Explore relationships between all six trigonometric functions, including the Pythagorean identities.
Use identities to establish and verify other trigonometric relationships and solve trigonometric equations.
Quick Lesson Plan
In these final two lessons we will look at some trigonometric identities. While this may feel like a departure from the heavy emphasis on functions, trigonometric identities do support Mathematical Practice 2, which is to construct equivalent representations of functions. Students will see some applications where being able to rewrite an expression can reveal a relationship, simplify an expression, or make solving an equation easier.
In today’s lesson “Identity Crisis” students use the same diagram from yesterday but think about the relationship between the side lengths of the various right triangles, applying the Pythagorean Theorem. As you are monitoring students, make sure students are using the side lengths to write the ratios (aka the six trig functions) rather than just the segment names (AB, OA, KO, etc.) Some students may find it helpful to write both.
In questions 5-8, students use similar triangles to write different but equivalent ratios for sine, cosine, and tangent. We wanted students to have a visual proof of some of these identities rather than just verifying them by writing each function in terms of sine and cosine and seeing algebraically how terms cancel. We suggest making a big class list of additional statements students come up with in question 8 (on poster paper preferably to be preserved as a class artifact). There are so many that can be seen in the diagram and highlighting the fact that students can generate them on their own contributes to a space that fosters positive mathematical identities.
Which sides are the legs in this right triangle? Which side is the hypotenuse?
What does it mean if triangles have three sets of congruent angles?
What can you say about the ratios of sides in similar triangles?
Why are the three expressions for sin theta (cos theta, tan theta) equivalent if they are based on different triangles?
You may wish to have students verify some of the identities they wrote in the table using an algebraic proof, rather than the visual one of the diagram.
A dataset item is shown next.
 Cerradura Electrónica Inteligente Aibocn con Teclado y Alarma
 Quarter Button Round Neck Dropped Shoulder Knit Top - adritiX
Emphasize that both are proofs and ask whether there is an advantage of one over the other. In questions 2-4 of the Check Your Understanding, students get more practice applying the identities to simplify expressions. You may want to remind students that rewriting expressions and producing equivalent forms is actually a creative process that requires some trial and error! If the goal was just to memorize facts, we would simply have them restate the identities. Figuring out what would make a good substitution, or a clever substitution, is what can make a fairly dry concept more mathematically rich.